可叹!

    可笑!

    可悲!

    心如止水……心如止水……

    原来,这便是师父要她做到的“心如止水”啊!

    于是,在失魂落魄地回了阁楼之后,注定,又是一次不得不放下的淡忘!

    可今天,师父你又说了一次同样的话!

    这一次,她没有受伤,四肢完好,也可以活蹦乱跳,更有自信能追上传她一身轻功的师父,可她——

    不会争辩了,也不会在心底哀求了!

    师父啊,失望就失望吧!

    她的身上早就刻上了“让人失望”四字,也……不在乎多一人!

    “我感觉很好,师父请回吧!”

    这是头一次,她主动请他离开!

    那么,就让转变,从这一刻开始吧!

    “你感觉很好,我却感觉很不好!”师父的声音中有淡淡的疲惫。“我教你轻功,不是让你来杀人的!”
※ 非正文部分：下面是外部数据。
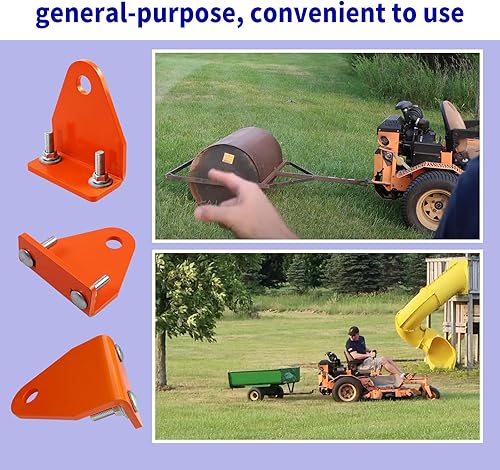 Miniatura 6 de Enganche de remolque resistente compatible con modelos de cortacésped de giro cero Scag ZTR: Patriot, Liberty Z, viene con pernos de carro y tuercas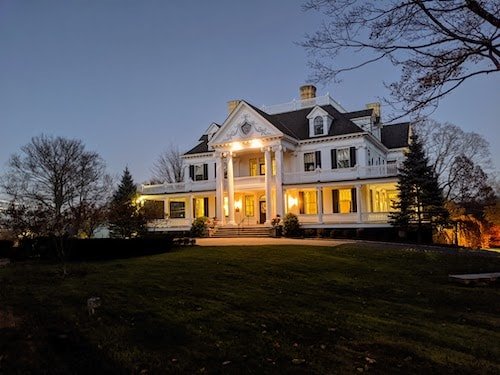 A historic mansion surrounded by wooded parklands, the perfect setting in Ridgefield, CT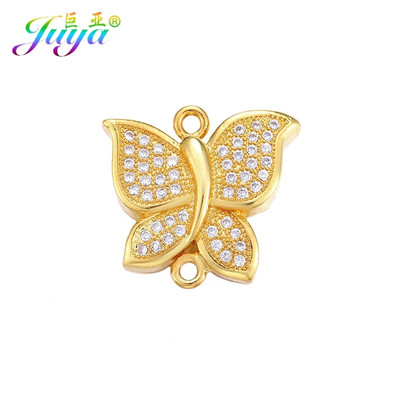 Juya DIY, bijuterii de modă, descoperiri, 2 bucle, creative, rotunde, flori de trandafir, conectori, accesorii pentru brățară, cercei, lucrați manual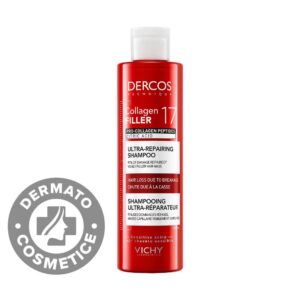 Sampon ultra-reparator pentru par deteriorat si fragil Dercos Collagen 17 Filler
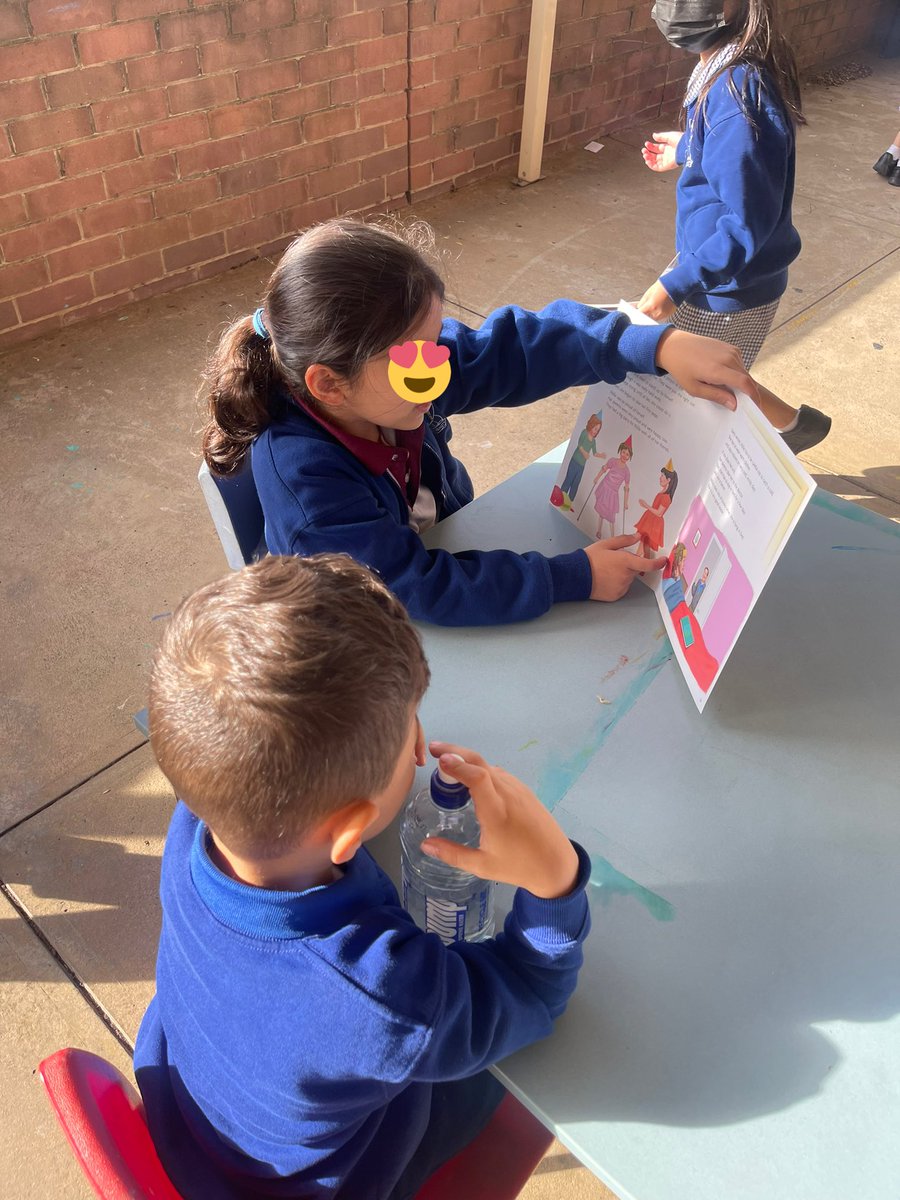 KR started buddy reading with 2G today! Thank you for being so helpful this afternoon year 2! See you next week 📖☺️ <a href="/MissTBrady/">Taryn Brady</a> <a href="/fairvaleps/">FairvalePS</a>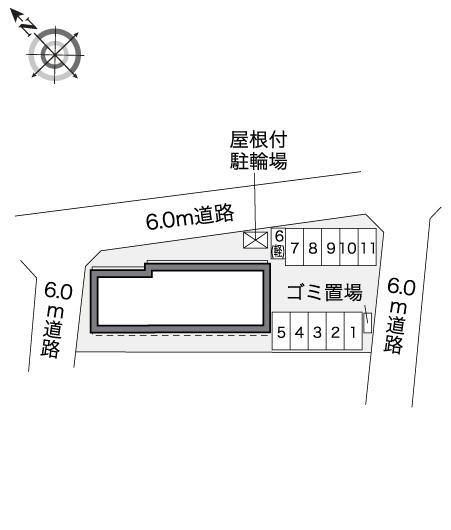 セピアコート(32817)の駐車配置図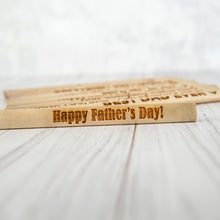 Load image into Gallery viewer, Custom Carpenter Pencil, Funny Dad Construction Gift, Builder Pencil, Woodworker Stocking Stuffer, Graduation Gift for Carpenter
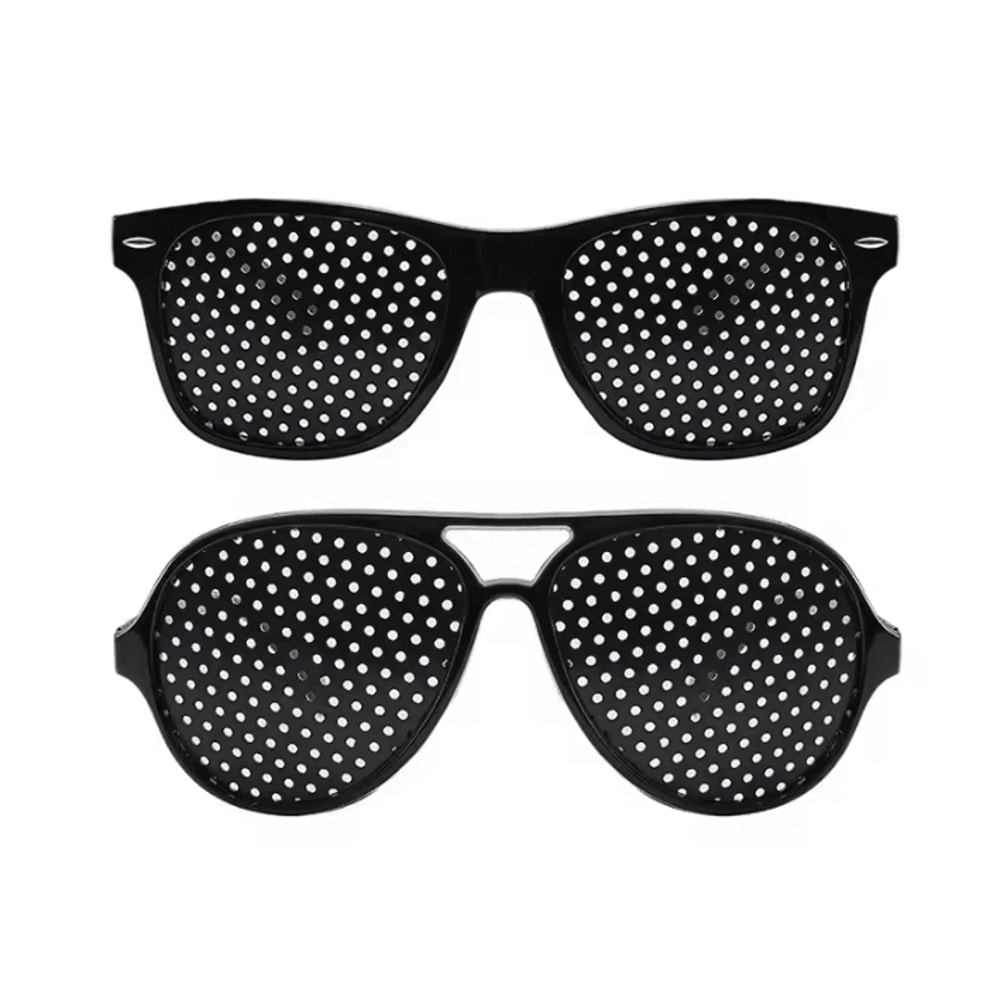 AntiMyopia Pinhole Glasses Vision Training Eye Strain Relief Eyewear 6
    “呵呵……”忍不住地低笑,尽管她这样可能看起来对师父很不敬似的,但是她忍不住。她是无名的事,师父是知道的,所以知道宛娘被她所杀,很正常!“师父啊,杀人,是想与不想,而不是用人教的!你没有罪,有罪的只是我!”

    所以,他没必要觉得罪孽深重啊!

    “既然知道有罪,为什么要动手?”师父看着她,几乎是要痛心疾首了!

    她苦笑,“只是想做便做罢了!”

    “你到底在想什么?!”

    她摇了摇头,可以肯定的是,她想的,跟师父想的,肯定不是同一个内容。

    “师父,晚了,你走吧!”

    今晚,她可能会很忙,他在这,会碍事的!

    “你大了,自由主张了!”

    伴着不知道是不是讥诮的感叹,师父终于如她所愿地飞出了她的屋子!

    “哎……”

    长长的叹息,逸出了她的口!

    不是她大了,而是师父从来不给她机会让她跟上他的步伐啊!

    走吧,都走吧!

    以后,都是要散的啊!

    略微理了理心绪,眼下,还是先演好她的戏!

    撕了自己的衣服,又扯了扯,使衣服看上去更加的凌乱不堪,扯过被子,半包住自己,缩在c黄铺的一脚,故意让那碍眼的血迹展露在c黄铺上!

    莫问邪以为她什么都不懂,其实她懂得,尽管懂得不多,但至少,还是懂的一些的。

    至少,她懂得女子失身,就会失去守宫砂;至少,她也是懂得,伴着女子失身的,还有那看上去令人觉得悲伤的落红……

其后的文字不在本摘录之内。